───── Material provided ─────
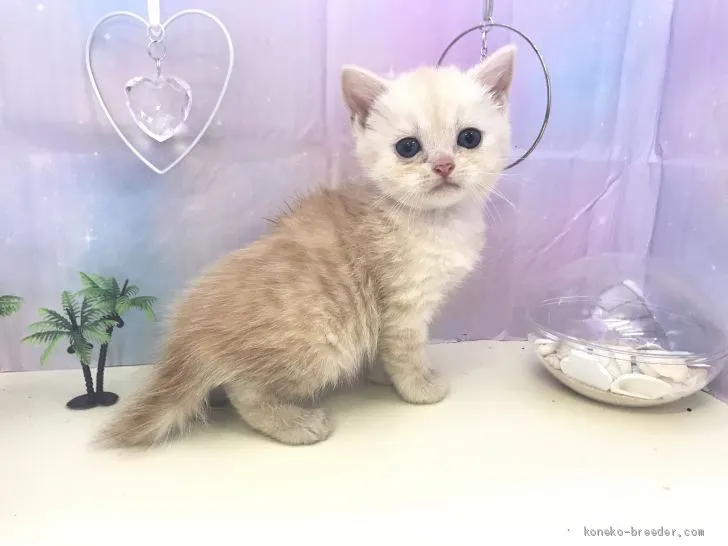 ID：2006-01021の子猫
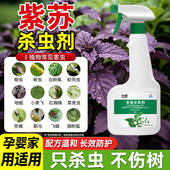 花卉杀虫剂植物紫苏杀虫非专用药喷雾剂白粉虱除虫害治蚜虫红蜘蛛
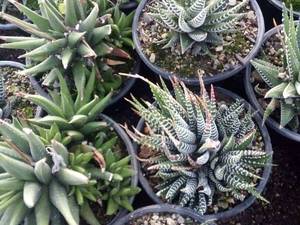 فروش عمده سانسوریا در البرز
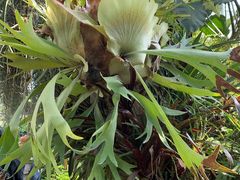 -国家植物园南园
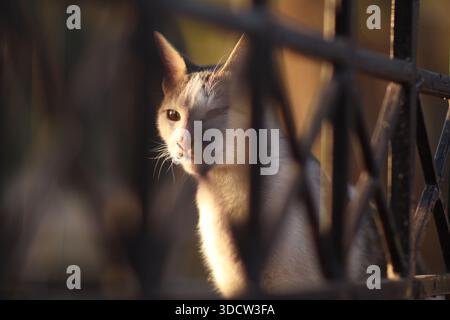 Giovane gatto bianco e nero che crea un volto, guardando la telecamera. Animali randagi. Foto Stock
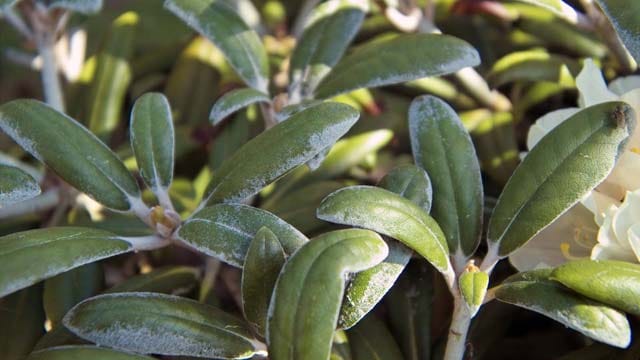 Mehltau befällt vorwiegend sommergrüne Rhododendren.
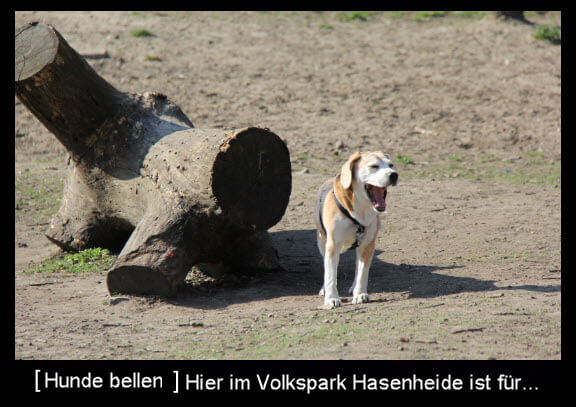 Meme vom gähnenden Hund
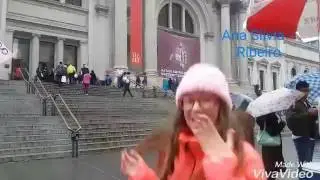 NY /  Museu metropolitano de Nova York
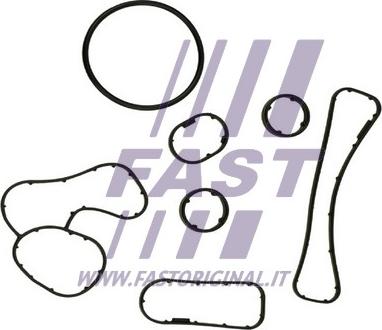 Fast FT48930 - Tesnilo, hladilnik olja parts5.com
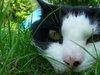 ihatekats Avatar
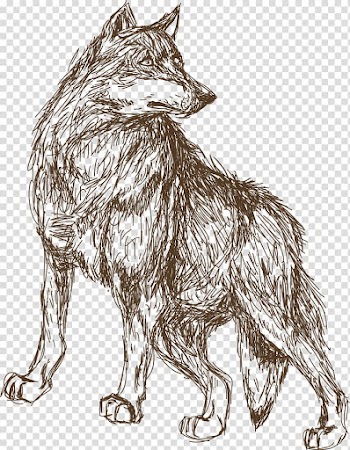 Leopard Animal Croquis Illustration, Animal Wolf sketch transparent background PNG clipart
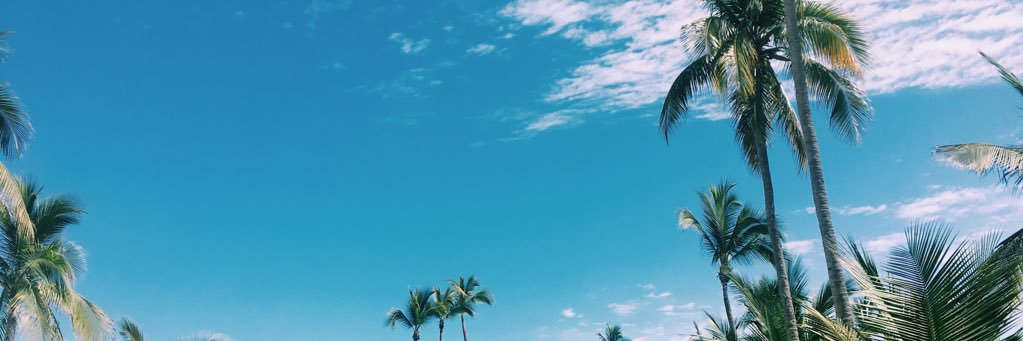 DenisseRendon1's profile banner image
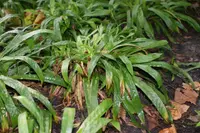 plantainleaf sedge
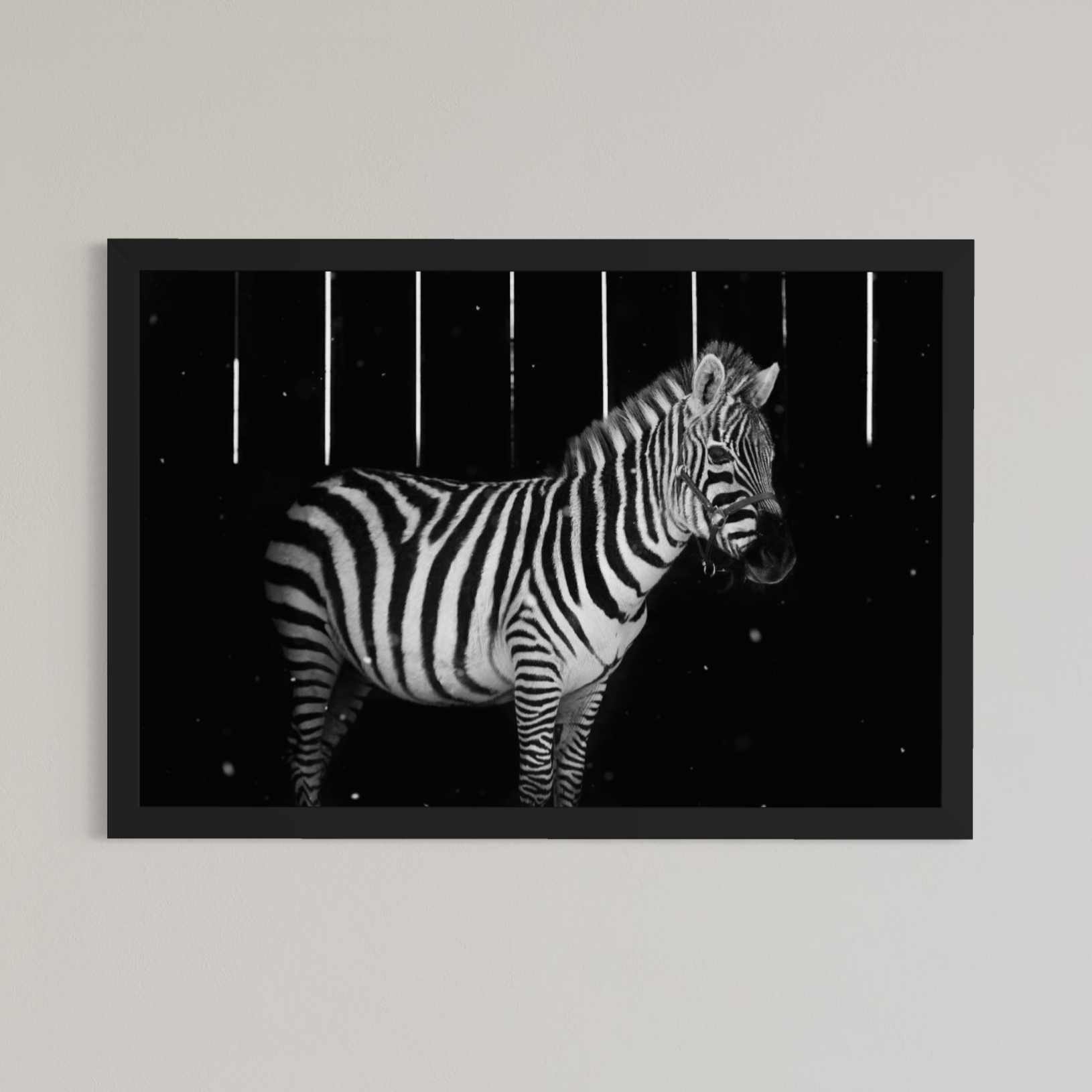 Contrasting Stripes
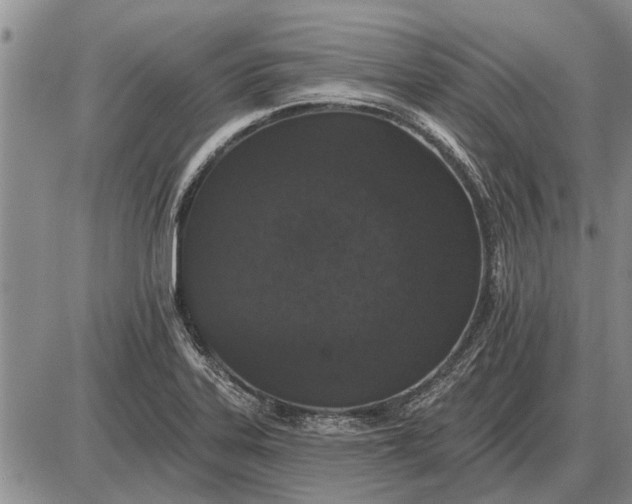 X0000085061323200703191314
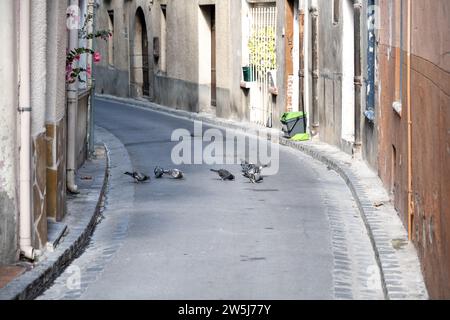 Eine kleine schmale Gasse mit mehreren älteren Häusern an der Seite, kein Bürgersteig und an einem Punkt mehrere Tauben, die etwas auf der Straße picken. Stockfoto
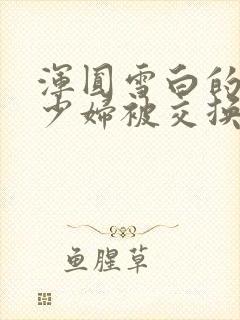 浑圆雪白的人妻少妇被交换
─────
Write out the material above exactly; no pictures.

■ **Result of this task**
 ID：2006-01021の子猫
 花卉杀虫剂植物紫苏杀虫非专用药喷雾剂白粉虱除虫害治蚜虫红蜘蛛
 فروش عمده سانسوریا در البرز
 -国家植物园南园
 Giovane gatto bianco e nero che crea un volto, guardando la telecamera. Animali randagi. Foto Stock
 Mehltau befällt vorwiegend sommergrüne Rhododendren.
 Meme vom gähnenden Hund
 NY /  Museu metropolitano de Nova York
 Fast FT48930 - Tesnilo, hladilnik olja parts5.com
 ihatekats Avatar
 Leopard Animal Croquis Illustration, Animal Wolf sketch transparent background PNG clipart
 DenisseRendon1's profile banner image
 plantainleaf sedge
 Contrasting Stripes
 X0000085061323200703191314
 Eine kleine schmale Gasse mit mehreren älteren Häusern an der Seite, kein Bürgersteig und an einem Punkt mehrere Tauben, die etwas auf der Straße picken. Stockfoto
 浑圆雪白的人妻少妇被交换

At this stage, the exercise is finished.